- Esquerita in the 1950s-60s(?), photographer unknown

Background information
- Also known as: S.Q. Reeder; Stephen Quincy Reeder; SQ Jr.; The Magnificent Malochi;
- Born: Eskew Reeder, Jr. November 20, 1935 or 1938 Greenville, South Carolina, United States
- Died: October 23, 1986 Harlem, New York, United States
- Genres: R&B
- Occupations: Singer; songwriter; pianist;
- Instrument: Piano
- Years active: 1950s–1980s

= Esquerita =

American musician

Eskew Reeder, Jr. (November 20, 1935 or 1938 – October 23, 1986), usually known by the stage name Esquerita (/'ɛsk@rit@/), and occasionally as S.Q. Reeder or The Magnificent Malochi, was an American R&B singer, songwriter and pianist, known for his frenetic performances. He has been credited with influencing rock and roll pioneer Little Richard.

==Early life==
A native of Greenville, South Carolina, he was the son of Elizabeth and Eskew Reeder, and attended Sterling High School in Greenville from 1947 to 1950. Though most reliable sources give his birth name as Eskew Reeder, Jr., some give the name Stephen Quincy Reeder.

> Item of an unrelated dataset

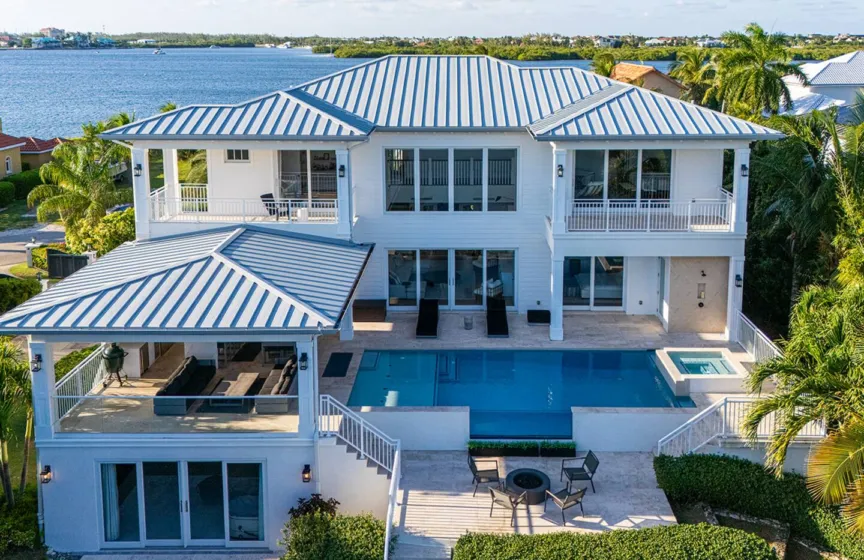 Crystal Harbour Masterpiece – Canal Mansion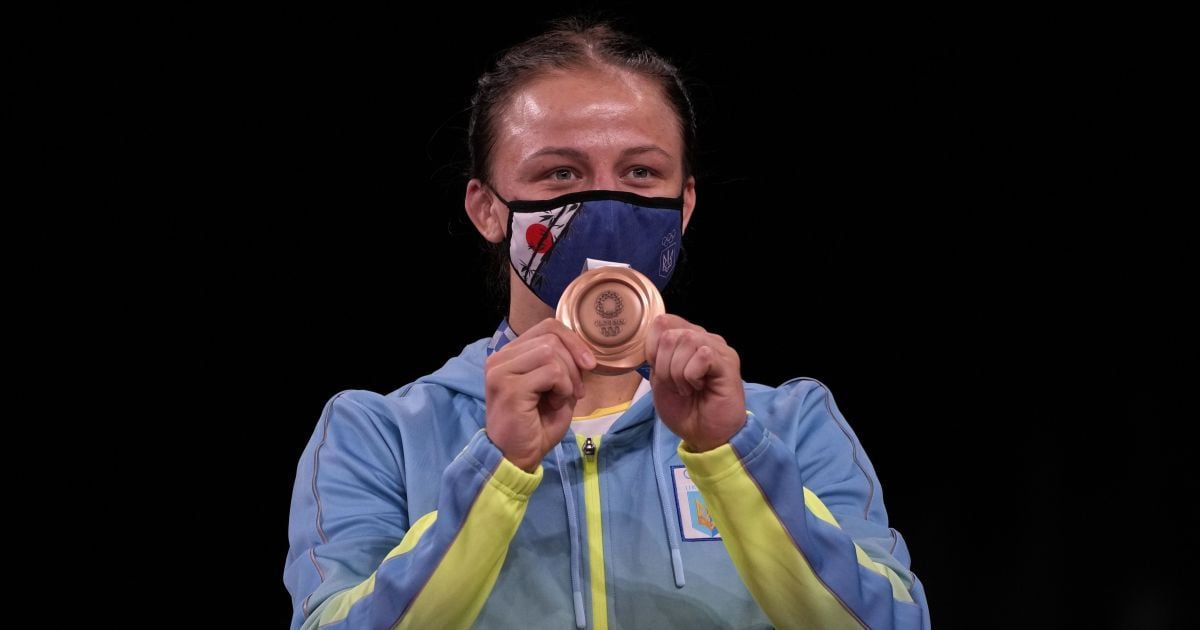 "Це вже точно вам": українській борчині, яка віддала свою квартиру тренеру, подарували ще одну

Although most sources give the year of his birth as 1935, other reliable sources, and his social security records, state 1938.

==Career==

===1950s–1960s===
Reeder was a self-taught piano player whose roots were in gospel music. His music career started as a teenager, when he dropped out of high school and joined the gospel group Heavenly Echoes based in New York City. Little is known about Reeder's early career as a secular rock and roll piano player. As Esquerita, he often wore heavy makeup, sunglasses, and two wigs, piling his pompadour high on his head.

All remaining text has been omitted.